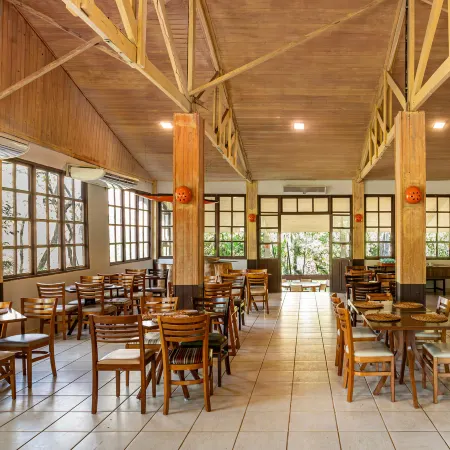 Rio Quente Resorts – Eco Chalés Отели рядом с достопримечательностью «Аквапарк Parque das Fontes»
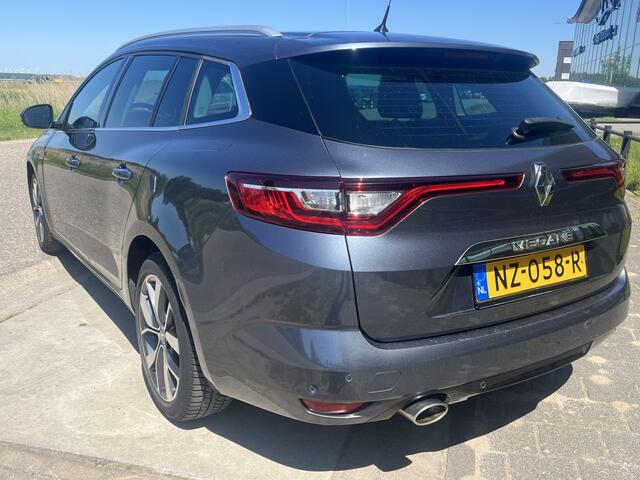 Renault MEGANE Estate 1.2 TCe Bose / Schuif-Kanteldak / Head-Up Display / Cruise / Applecarplay - Androidauto /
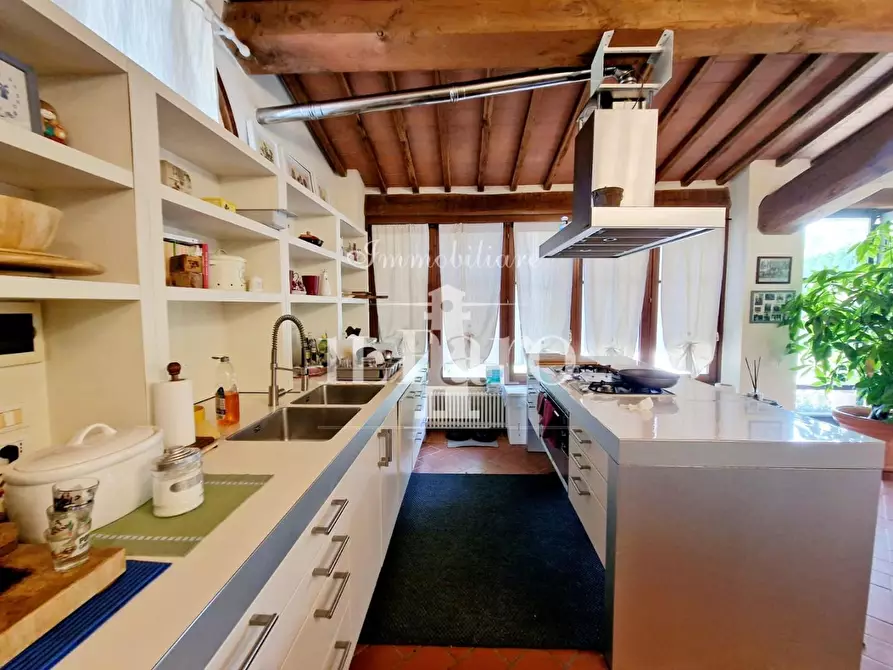 Immagine 33 di Porzione di casa in vendita  a Campi Bisenzio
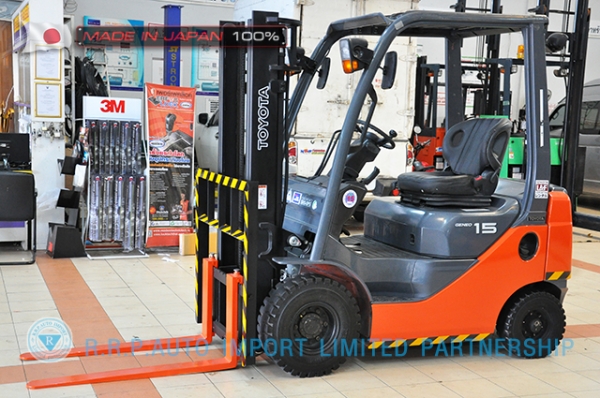 ขายรถโฟล์คลิฟท์มือสอง TOYOTA รุ่น 8FG15-13043 ราคา 255,000 บาท นำเข้าจากประเทศญี่ปุ่น 100\% ไม่เคยใช้งานในไทย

WORK REQUIRED => Reproduce the data above without a single change, please, but without its pictures.

RESPONSE BELOW =>
 Rio Quente Resorts – Eco Chalés Отели рядом с достопримечательностью «Аквапарк Parque das Fontes»
 Renault MEGANE Estate 1.2 TCe Bose / Schuif-Kanteldak / Head-Up Display / Cruise / Applecarplay - Androidauto /
 Immagine 33 di Porzione di casa in vendita  a Campi Bisenzio
 ขายรถโฟล์คลิฟท์มือสอง TOYOTA รุ่น 8FG15-13043 ราคา 255,000 บาท นำเข้าจากประเทศญี่ปุ่น 100\% ไม่เคยใช้งานในไทย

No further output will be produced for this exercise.